§ Exercise goal
From the first line to the last, restate the data exactly, leaving out the images.

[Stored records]
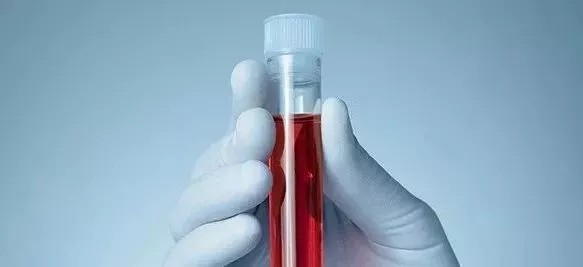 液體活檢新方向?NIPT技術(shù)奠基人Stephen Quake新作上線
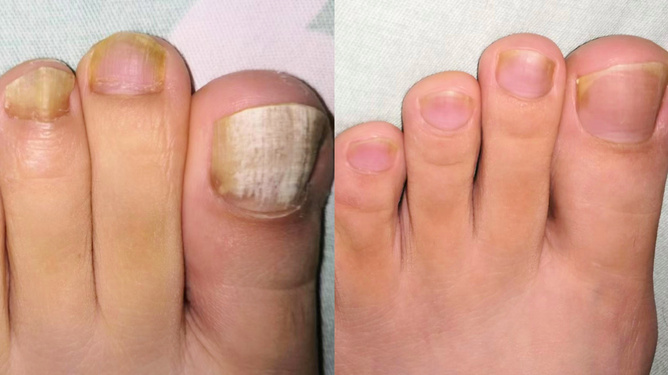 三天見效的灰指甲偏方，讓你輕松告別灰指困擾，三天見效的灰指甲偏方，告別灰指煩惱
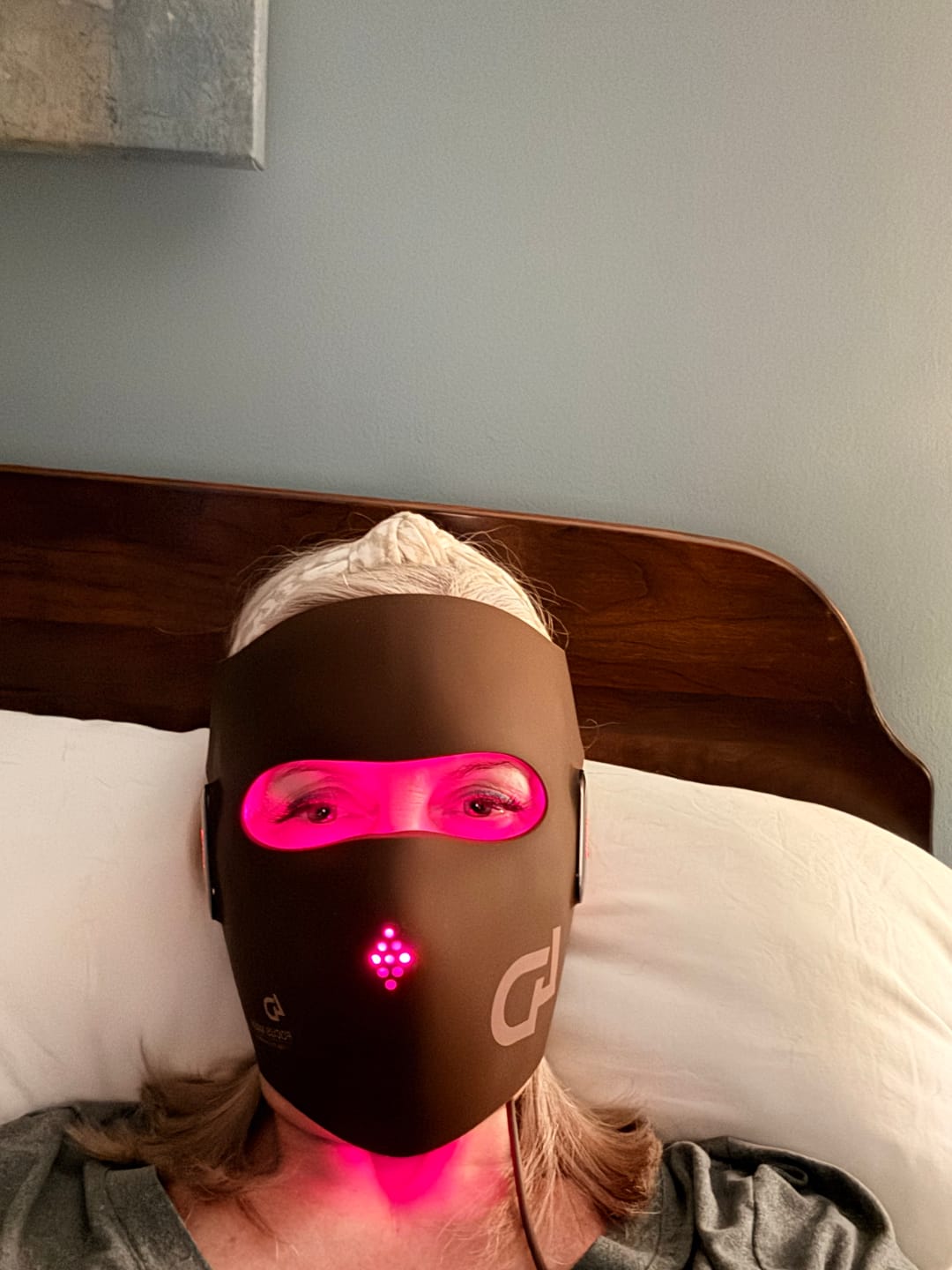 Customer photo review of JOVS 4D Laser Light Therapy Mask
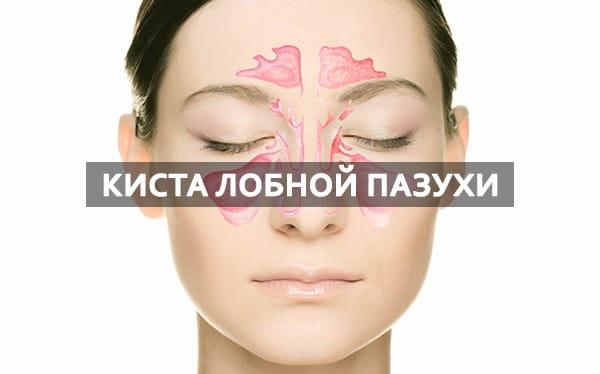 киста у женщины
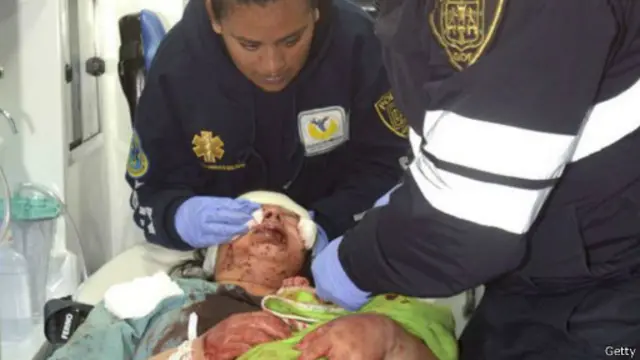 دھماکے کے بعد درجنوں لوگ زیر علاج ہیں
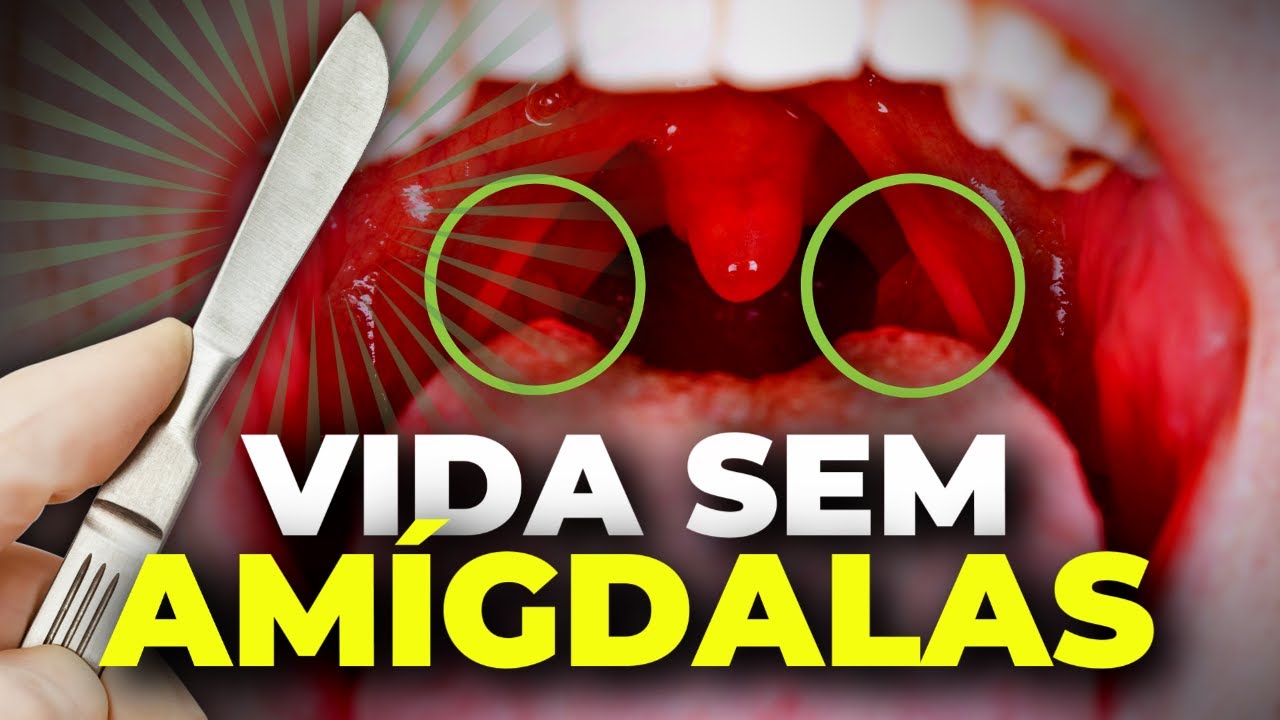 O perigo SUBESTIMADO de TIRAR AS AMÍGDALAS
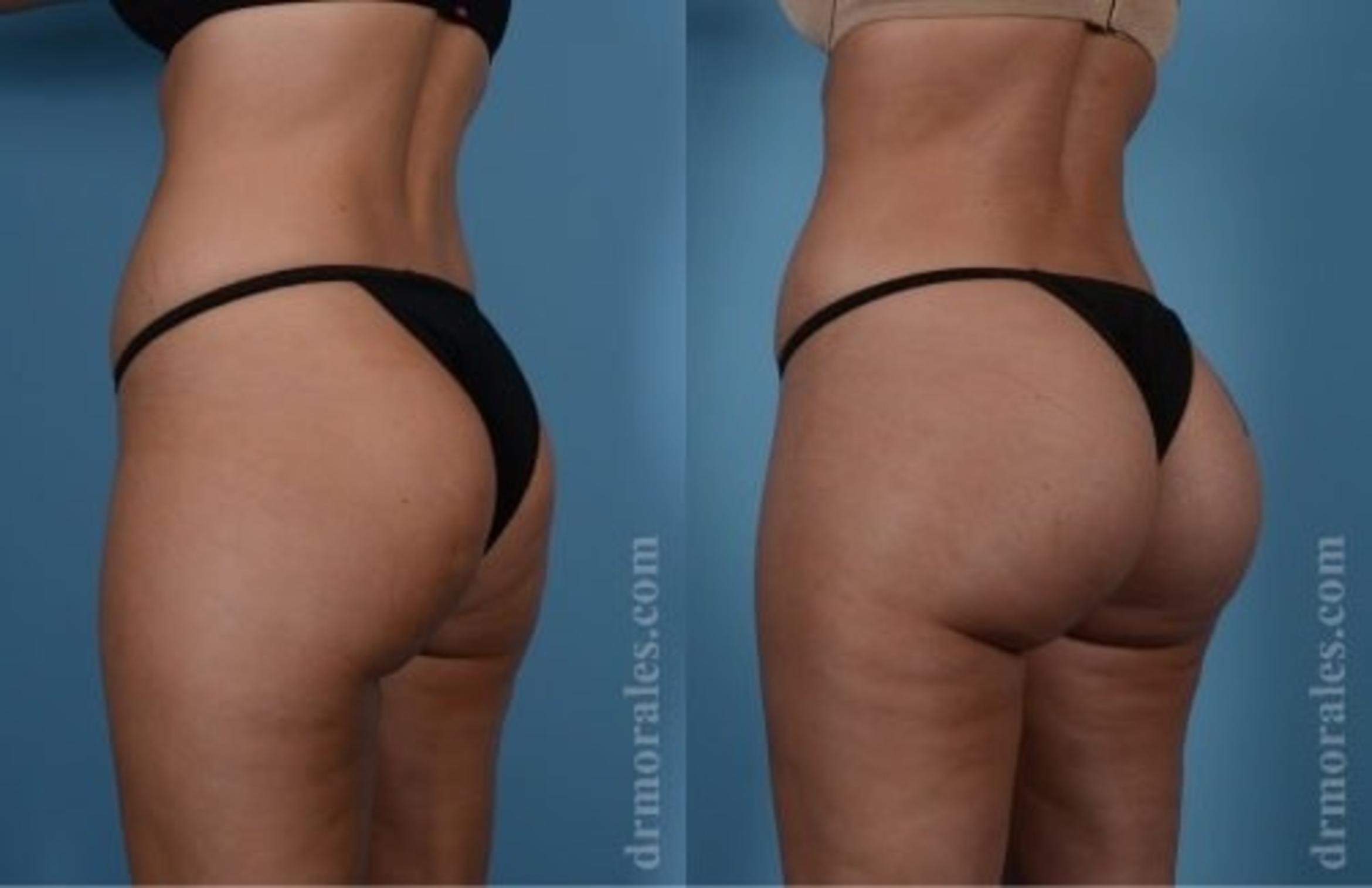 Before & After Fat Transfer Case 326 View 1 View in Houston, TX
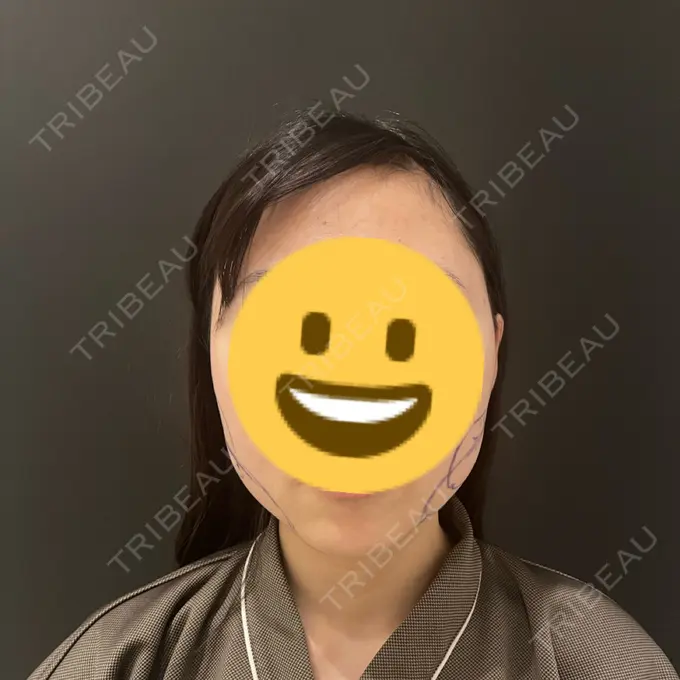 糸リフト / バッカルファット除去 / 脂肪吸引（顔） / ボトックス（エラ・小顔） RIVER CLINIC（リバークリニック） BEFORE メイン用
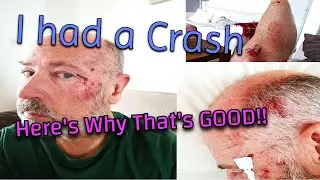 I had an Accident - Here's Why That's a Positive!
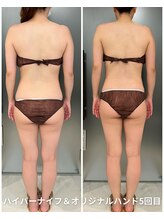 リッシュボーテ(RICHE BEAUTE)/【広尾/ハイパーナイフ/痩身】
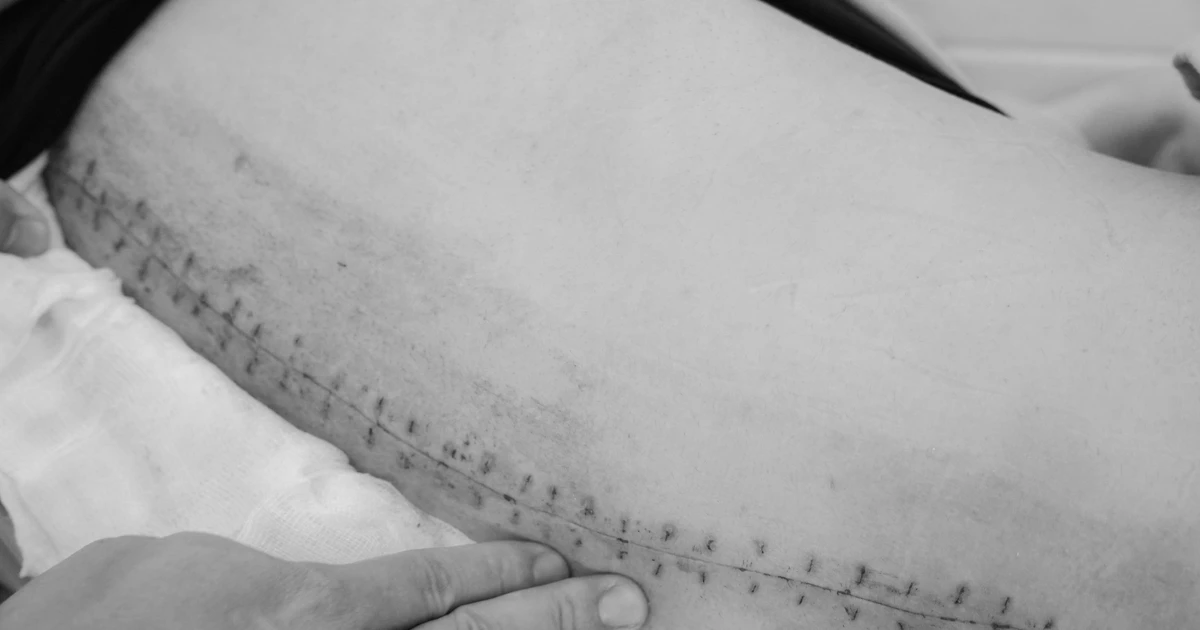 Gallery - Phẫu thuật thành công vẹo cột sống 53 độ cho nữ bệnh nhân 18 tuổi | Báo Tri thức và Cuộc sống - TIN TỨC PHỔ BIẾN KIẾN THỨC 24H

§ Written response
 液體活檢新方向?NIPT技術(shù)奠基人Stephen Quake新作上線
 三天見效的灰指甲偏方，讓你輕松告別灰指困擾，三天見效的灰指甲偏方，告別灰指煩惱
 Customer photo review of JOVS 4D Laser Light Therapy Mask
 киста у женщины
 دھماکے کے بعد درجنوں لوگ زیر علاج ہیں
 O perigo SUBESTIMADO de TIRAR AS AMÍGDALAS
 Before & After Fat Transfer Case 326 View 1 View in Houston, TX
 糸リフト / バッカルファット除去 / 脂肪吸引（顔） / ボトックス（エラ・小顔） RIVER CLINIC（リバークリニック） BEFORE メイン用
 I had an Accident - Here's Why That's a Positive!
 リッシュボーテ(RICHE BEAUTE)/【広尾/ハイパーナイフ/痩身】
 Gallery - Phẫu thuật thành công vẹo cột sống 53 độ cho nữ bệnh nhân 18 tuổi | Báo Tri thức và Cuộc sống - TIN TỨC PHỔ BIẾN KIẾN THỨC 24H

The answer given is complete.